王文翰不死心,突然想起当初广西巡抚送给自己的一只价值几千两的玉瓶!便准备将其送给上官再运作一番……这个想法刚兴起,小翠就找来了,低眉顺眼的,丝毫没有平日里的胡闹模样。
小翠乖乖低着头,对王文翰道:“爹,有件事要跟您说。”
王老爷难得见小翠这么柔顺的样子,奇道:“何事啊?”
小翠看着眼色,小心道:“我今日不小心将那玉瓶子打碎了,知道爹也喜欢那玉瓶,特来认错。”
王老爷腾地站了起来,“什么玉瓶?是放在我书房那个吗?”
“对呀,平日里我最爱把玩那瓶子,一向都很小心的。许是那玉瓶刚被丫头擦拭过,我一下没拿稳,瓶子就摔了。
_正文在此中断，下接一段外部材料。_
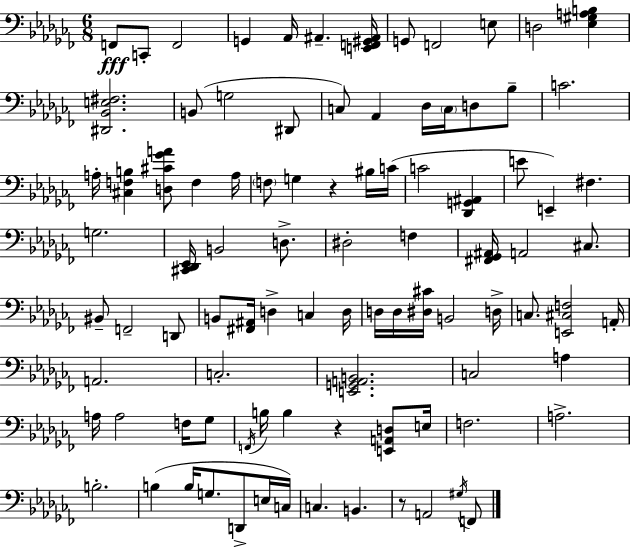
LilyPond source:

{
  \clef bass
  \numericTimeSignature
  \time 6/8
  \key aes \minor
  \repeat volta 2 { f,8\fff c,8-. f,2 | g,4 aes,16 ais,4.-- <e, f, gis, ais,>16 | g,8 f,2 e8 | d2 <ees gis a b>4 | \break <dis, bes, e fis>2. | b,8( g2 dis,8 | c8) aes,4 des16 \parenthesize c16 d8 bes8-- | c'2. | \break a16-. <cis f b>4 <d cis' ges' a'>8 f4 a16 | \parenthesize f8 g4 r4 bis16 c'16( | c'2 <des, g, ais,>4 | e'8 e,4--) fis4. | \break g2. | <cis, des, ees,>16 b,2 d8.-> | dis2-. f4 | <fis, ges, ais,>16 a,2 cis8. | \break bis,8-- f,2-- d,8 | b,8 <fis, ais,>16 d4-> c4 d16 | d16 d16 <dis cis'>16 b,2 d16-> | c8. <e, cis f>2 a,16-. | \break a,2. | c2.-. | <e, g, a, b,>2. | c2 a4 | \break a16 a2 f16 ges8 | \acciaccatura { f,16 } b16 b4 r4 <e, a, d>8 | e16 f2. | a2.-> | \break b2.-. | b4( b16 g8. d,8-> e16 | c16) c4. b,4. | r8 a,2 \acciaccatura { gis16 } | \break f,8 } \bar "|."
}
”
“你还敢溜进我书房!你个祸水,你知不知道那是我要送给上官的礼物!”王老爷胸口起伏不定,气得不轻,“我能不能重回官场就指望这东西了,你……你真是害死我了!”
一旁的王夫人也知道此时关系重大,不再帮着劝和,也厉声斥道:“都说了让你们要玩就在东院玩,不要出来惹祸!贞静柔顺、敬慎卑弱,一个女子应有的你哪个做得到?我们纵着你,你却越发不懂事,居然还惹祸不断……”
王老爷更是连珠炮般地责骂。
小翠本以为自己主动认错被训斥几句就算了,没想到二老这次责骂不停,忍了半晌还是没忍住,眼泪夺眶而出,直接扭身负气走了。见她还这敢如此,二老更是又骂又叹,满院的人都听到了。
回到东院,王元丰见小翠又气又恼、泪水涟涟,忙上前问发生何事。
小翠将受的气一股脑地发泄在王元丰身上,啐了他一口,“我在你家这几年为你家带来的益处,何止是一个玉瓶能比得上的?为了这么个俗物又是骂我不懂事,又是说我是祸水的!所有人都听到了,一点脸面都不给我留!”
如今的王元丰已不是傻子了,一听就明白了来龙去脉,要去搂小翠安抚,被小翠一掌推开了去。
小翠眼含悲怒,“实话跟你说吧,我其实是狐妖,到你家只是为了报王老爷曾经对我母亲的庇护之恩。我与你本就只有五年的缘分,如今是五年也坚持不下去了,既然你们家里人都不待见我,我这就走了。”
王元丰听着小翠这一番话,还未来得及震惊,只见小翠忽然俯身化作了一只火红皮毛的狐狸,小狐狸转身就往院墙跑,跳上高墙身形一顿,回望王元丰。
王元丰这才回过神来,哪里顾得上计较小翠是不是妖,一边追一边喊:“小翠,不要走!”
他追到院墙下,仰望着小翠,那狐狸双眼噙着泪水,痴痴地看着王元丰。
王元丰祈求道:“求你了小翠,别离开我,你若不想呆在这里,我们自己出去住,只要你不走,让我做什么都行!”
小狐狸没有言语,那双圆圆的大眼睛倏尔闭了起来,淌下两行热泪,泪珠从高处滚落到王元丰的脸颊上,烫得人心疼。
王元丰哀声喊着妻子的名字,“小翠……”
小翠没有再等王元丰多说,决绝地跳下院墙,消失在元丰眼前。
“小翠!!!”王家院墙内只剩元丰撕心裂肺的呼喊。
而后,王家足足找了小翠两年,直到最近才返回了老家。
“哎……”王夫人叹着气将青花瓷瓶放在多宝格上,“不过一个瓶子罢了,何必呢?”